__Required work__: No pictures belong in the copy. Restate the rest of the data exactly.

__Supplied information__:

• • • • •

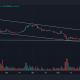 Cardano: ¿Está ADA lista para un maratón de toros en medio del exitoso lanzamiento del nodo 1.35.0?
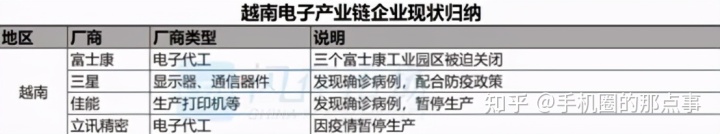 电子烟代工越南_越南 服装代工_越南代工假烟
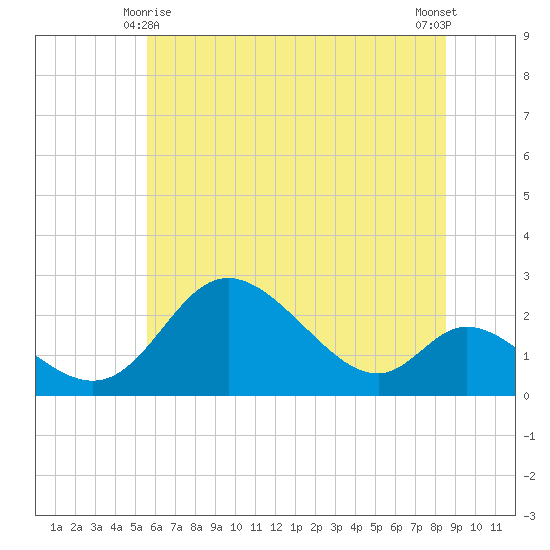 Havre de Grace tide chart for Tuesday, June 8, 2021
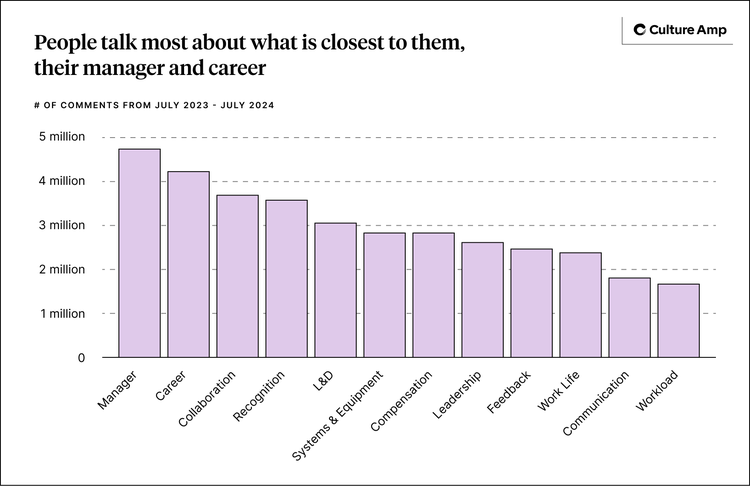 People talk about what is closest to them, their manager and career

• • • • •

__Task response__:
 Cardano: ¿Está ADA lista para un maratón de toros en medio del exitoso lanzamiento del nodo 1.35.0?
 电子烟代工越南_越南 服装代工_越南代工假烟
 Havre de Grace tide chart for Tuesday, June 8, 2021
 People talk about what is closest to them, their manager and career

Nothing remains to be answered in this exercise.